# [Exercise]
Could you retype exactly the lines below between the one holding "Renault Captur TCe" and the one holding "Pastorale mix vormbak", inclusive, leaving out any pictures?

Items from a dataset
┄┄┄┄┄┄┄┄┄┄

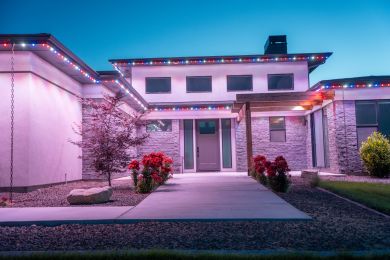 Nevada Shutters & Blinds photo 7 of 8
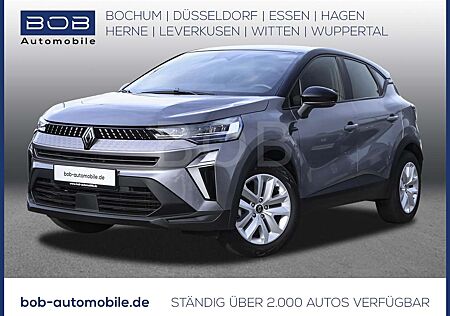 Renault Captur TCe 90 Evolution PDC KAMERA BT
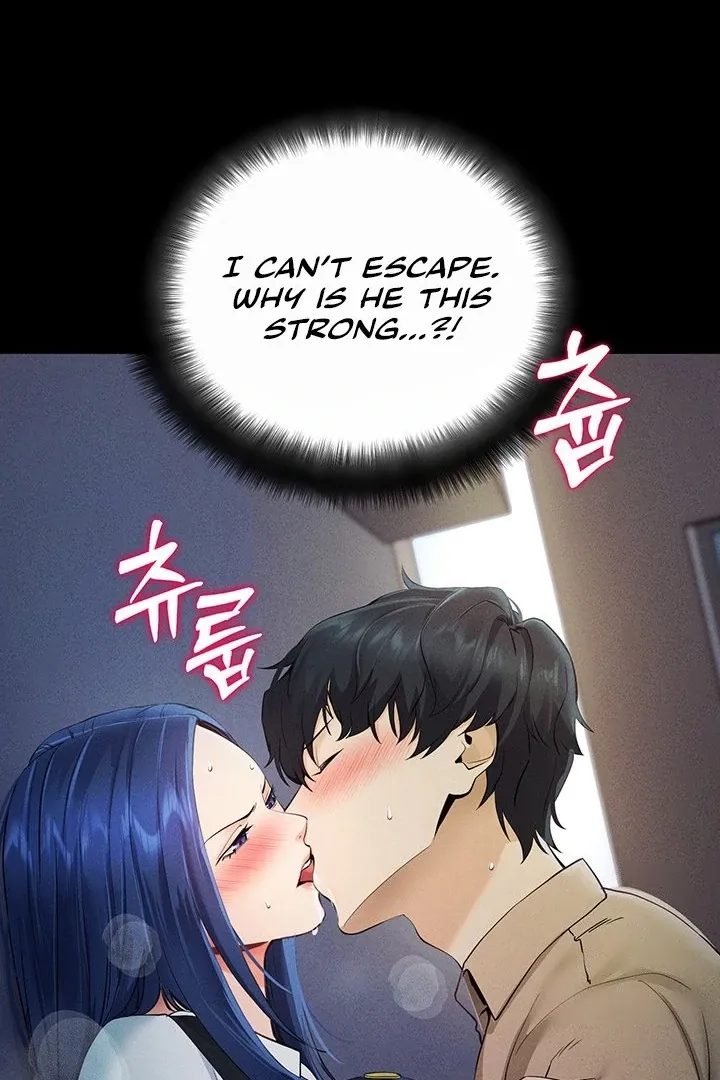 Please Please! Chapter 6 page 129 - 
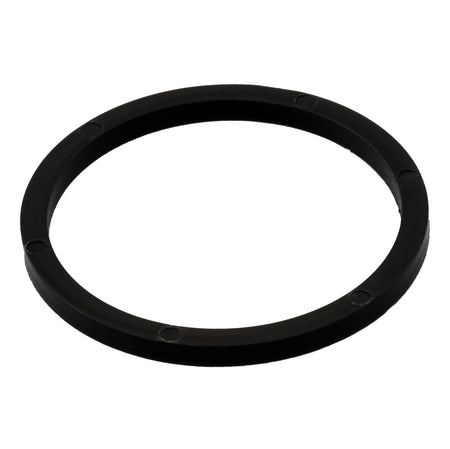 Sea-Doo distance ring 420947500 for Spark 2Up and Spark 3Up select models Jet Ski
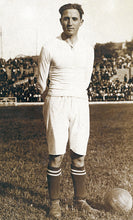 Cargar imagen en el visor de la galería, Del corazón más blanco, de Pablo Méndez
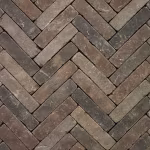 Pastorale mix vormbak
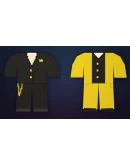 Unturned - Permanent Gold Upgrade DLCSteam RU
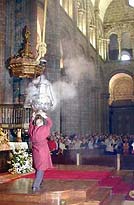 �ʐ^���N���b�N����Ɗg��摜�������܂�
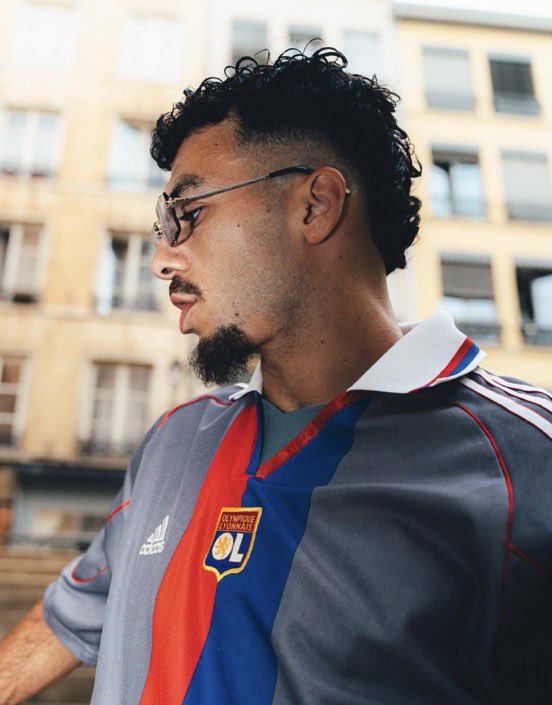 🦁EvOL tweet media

┄┄┄┄┄┄┄┄┄┄

# [Task result]
 Renault Captur TCe 90 Evolution PDC KAMERA BT
 Please Please! Chapter 6 page 129 - 
 Sea-Doo distance ring 420947500 for Spark 2Up and Spark 3Up select models Jet Ski
 Cargar imagen en el visor de la galería, Del corazón más blanco, de Pablo Méndez
 Pastorale mix vormbak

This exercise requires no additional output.